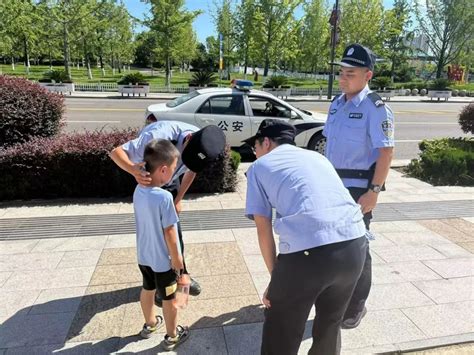 迎接首个人民警察节：特警叔叔进校园 孩子们都是“小警察”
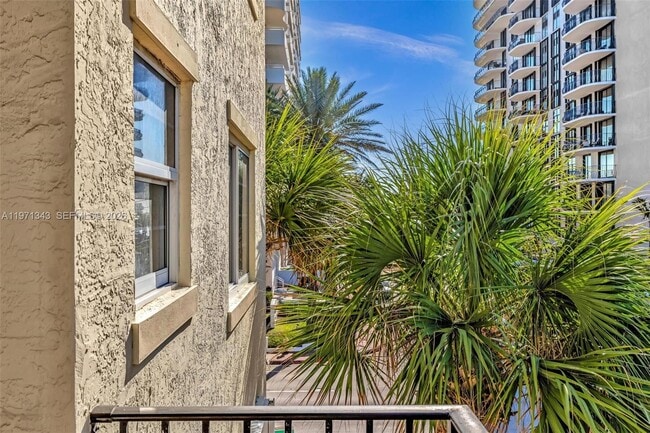 Building Photo - 8900 Collins Ave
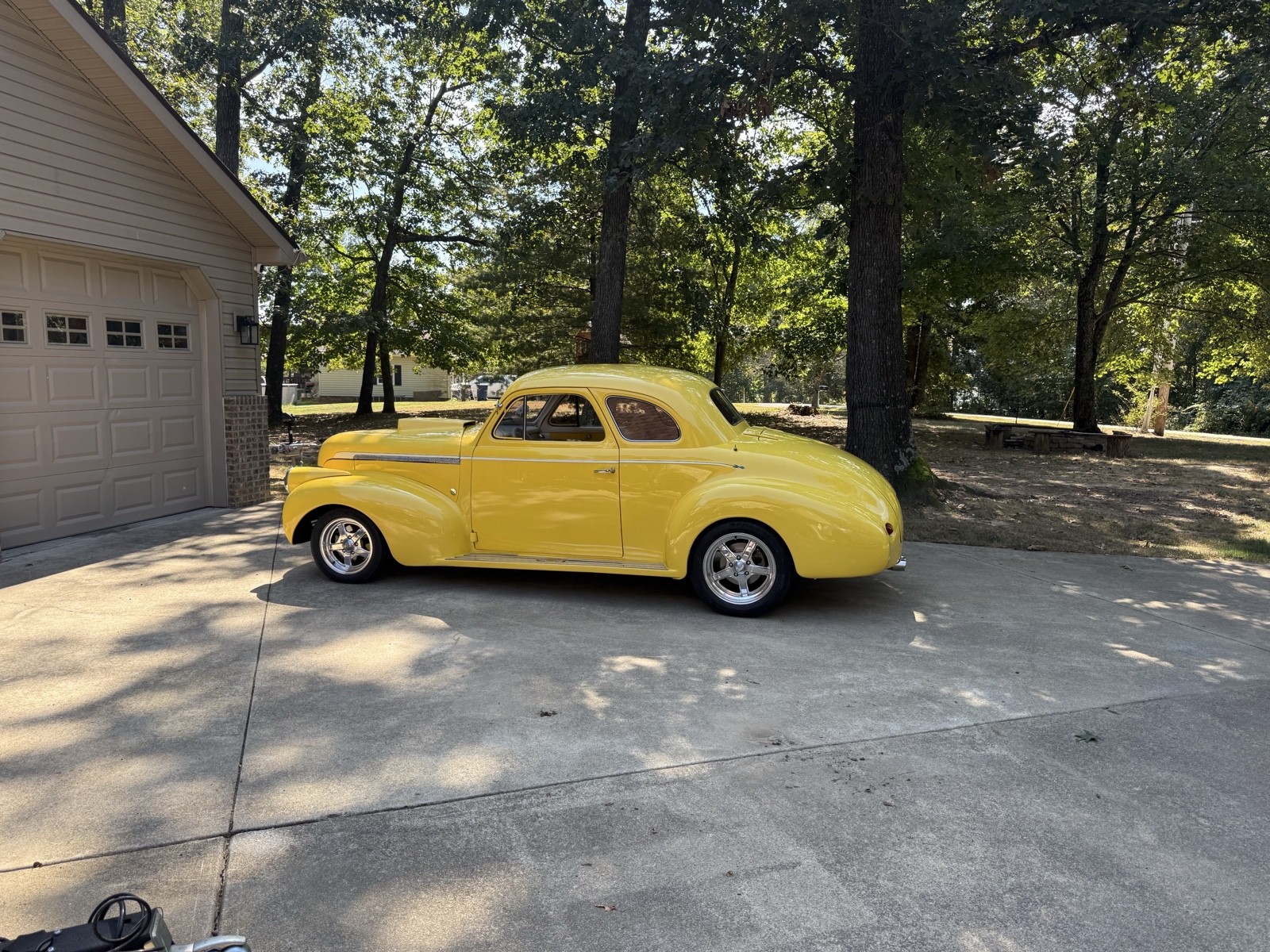 Chevrolet-Deluxe-1940-Coupe-4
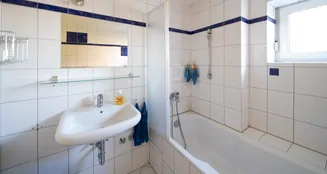 von_poll_real_estate_property_24455052_image_4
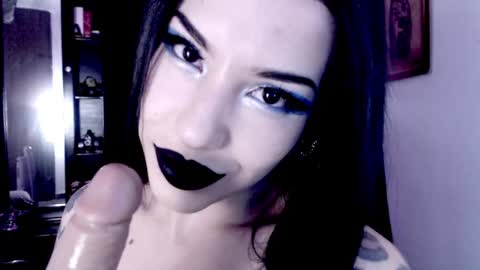 Snapshot of emearld_black chatting on 05/02/26, 03:33 Emerald Black online show from 05/02/26, 03:33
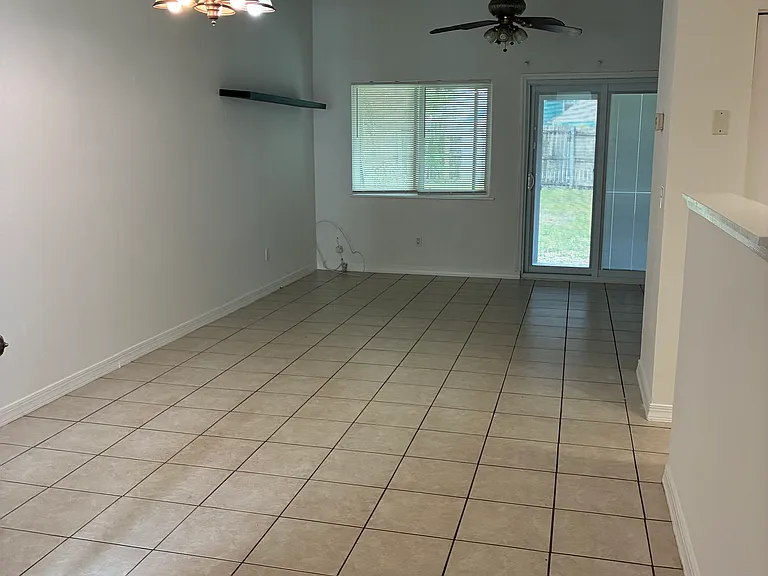 1208 Songbird Ln — Photo 4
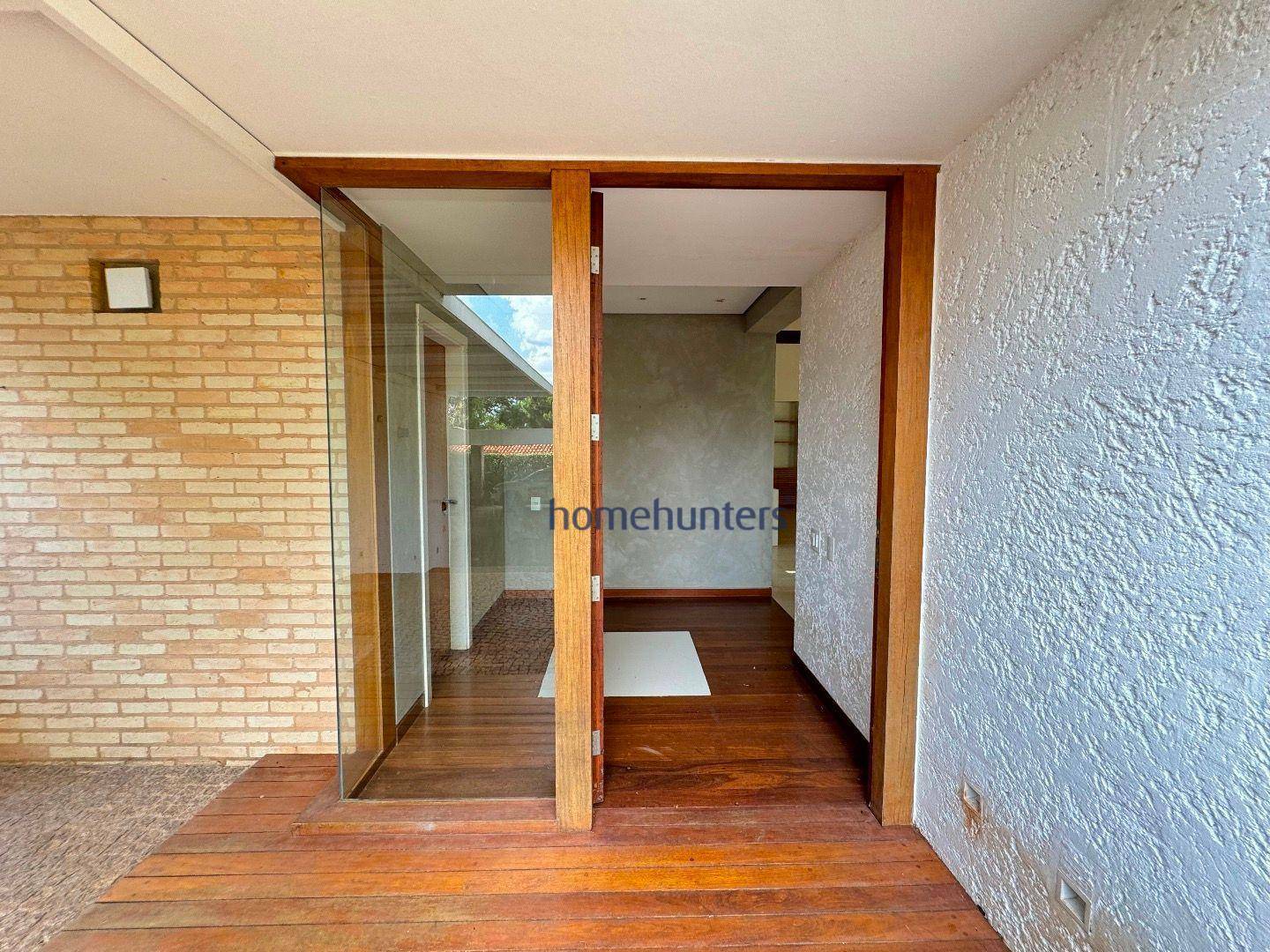 Casa para alugar com 4 quartos, 475m² - Foto 5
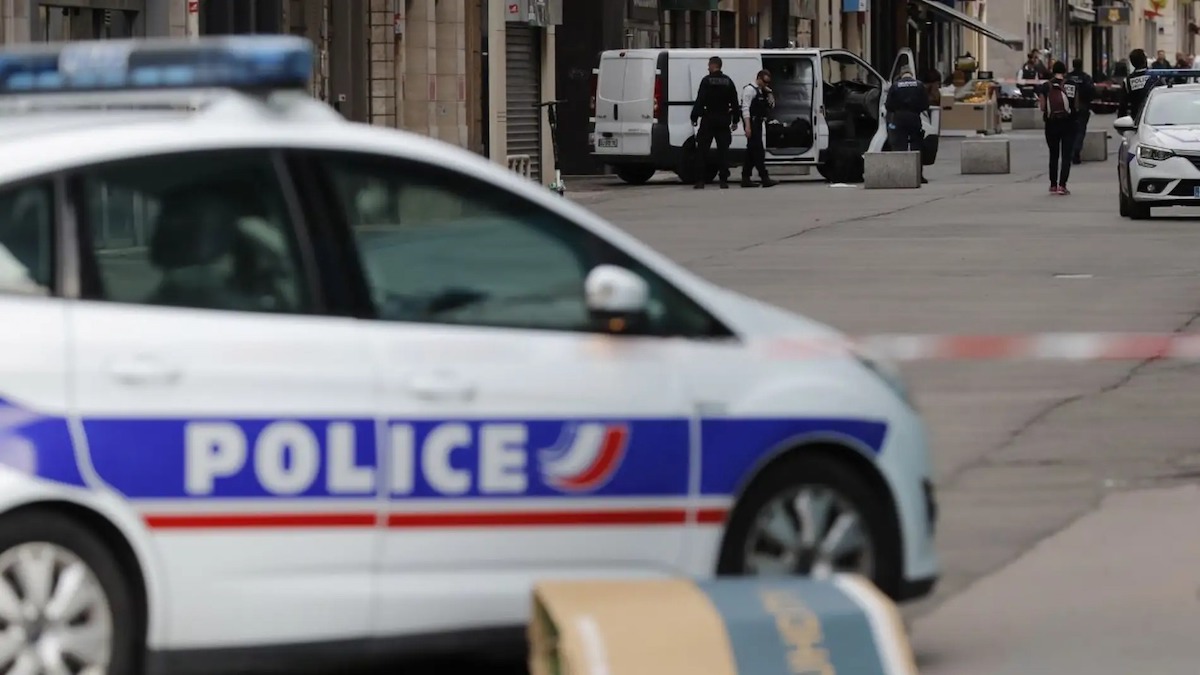 Tragédie à Lyon : un homme perd la vie sous un camion de livraison devant une école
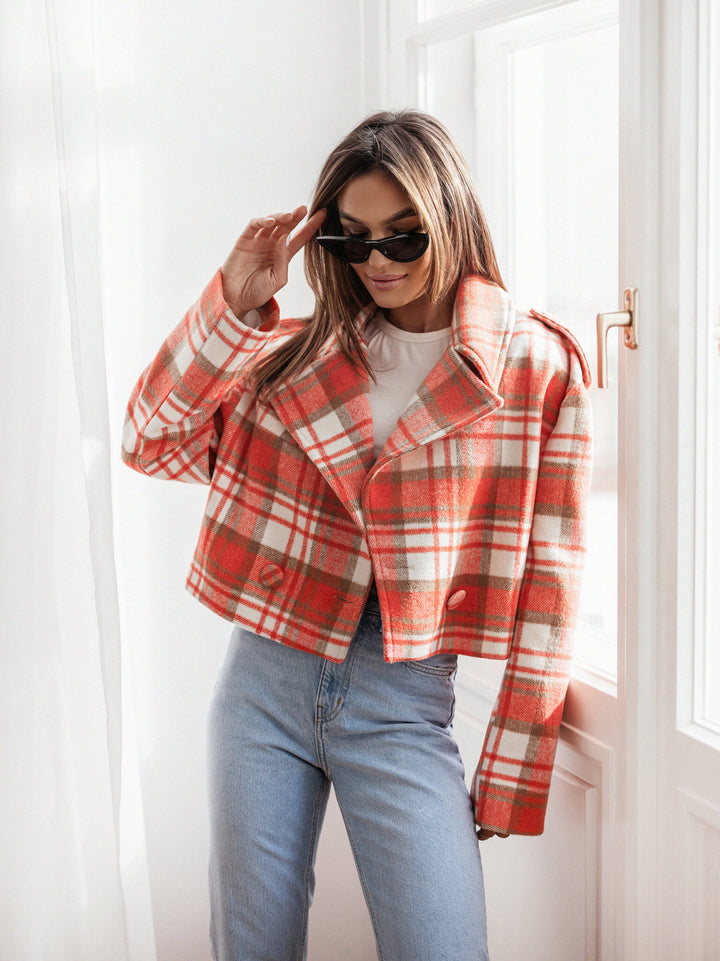 Elegant short jacket for women with a casual fit and practical pockets Lune London
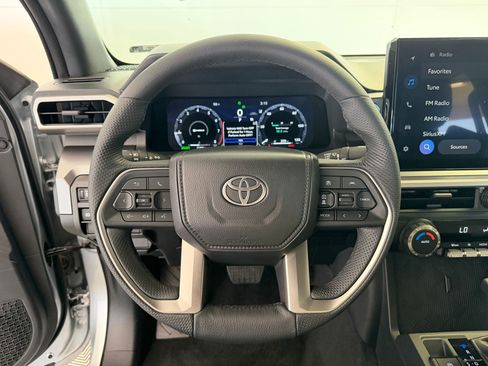 Used 2025 Toyota Tacoma TRD Off-Road AWD/4WD image 11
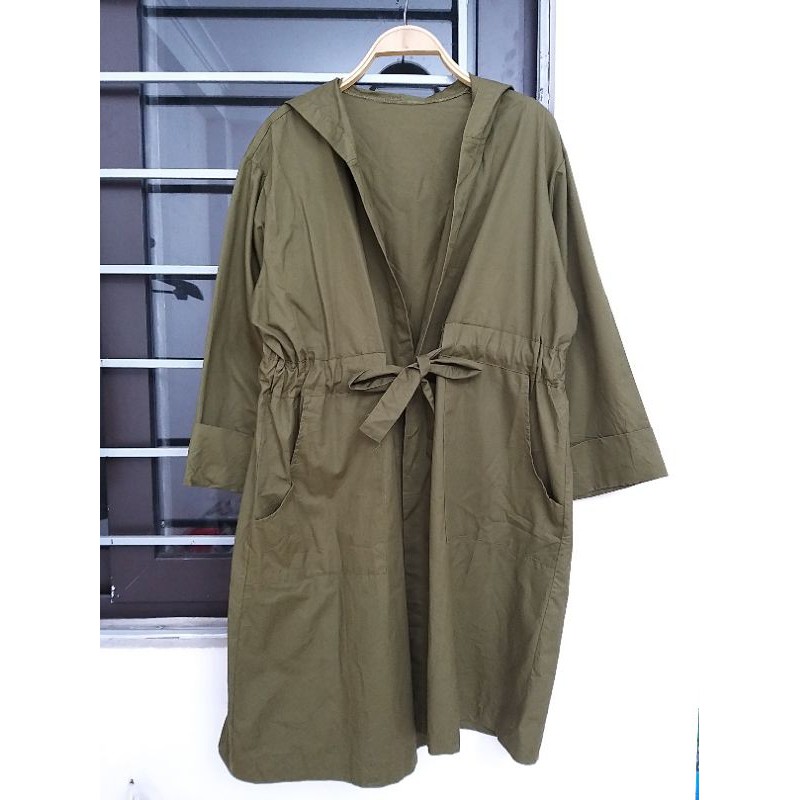 Áo măng tô si tuyển sale 79k | BigBuy360 - bigbuy360.vn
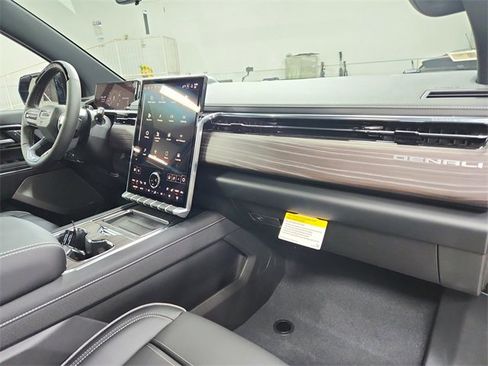 New 2026 GMC Sierra EV Denali image 42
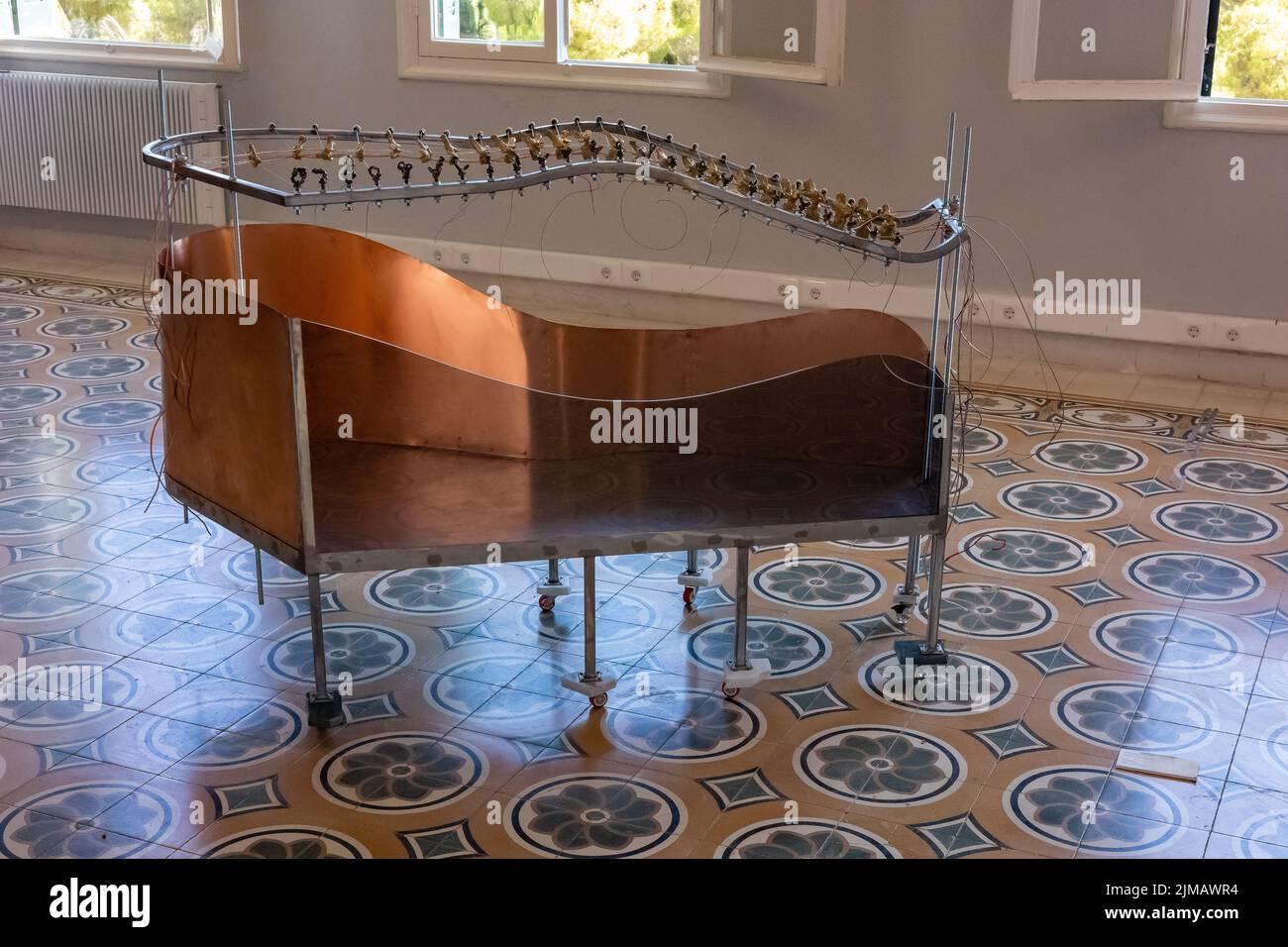 SPETSES, GRIECHENLAND - 21. JULI 2022: Skulptur 'Sleeping Beauty Corp.' von Agata Ingarden Stockfoto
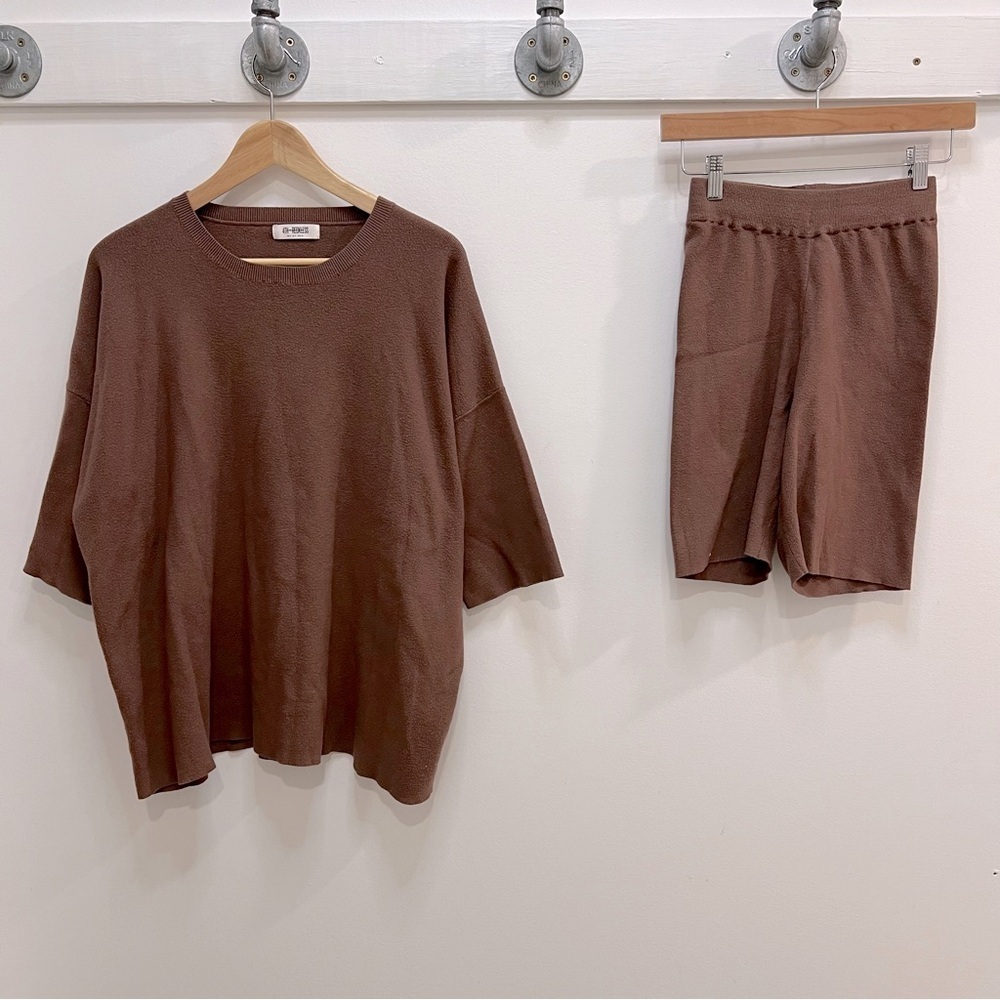 4th + Reckless coordinates set top and bottom in soft brown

══════════

Task to carry out
Print the records exactly, every one. Leave out the pictures.

Exercise response
 迎接首个人民警察节：特警叔叔进校园 孩子们都是“小警察”
 Building Photo - 8900 Collins Ave
 Chevrolet-Deluxe-1940-Coupe-4
 von_poll_real_estate_property_24455052_image_4
 Snapshot of emearld_black chatting on 05/02/26, 03:33 Emerald Black online show from 05/02/26, 03:33
 1208 Songbird Ln — Photo 4
 Casa para alugar com 4 quartos, 475m² - Foto 5
 Tragédie à Lyon : un homme perd la vie sous un camion de livraison devant une école
 Elegant short jacket for women with a casual fit and practical pockets Lune London
 Used 2025 Toyota Tacoma TRD Off-Road AWD/4WD image 11
 Áo măng tô si tuyển sale 79k | BigBuy360 - bigbuy360.vn
 New 2026 GMC Sierra EV Denali image 42
 SPETSES, GRIECHENLAND - 21. JULI 2022: Skulptur 'Sleeping Beauty Corp.' von Agata Ingarden Stockfoto
 4th + Reckless coordinates set top and bottom in soft brown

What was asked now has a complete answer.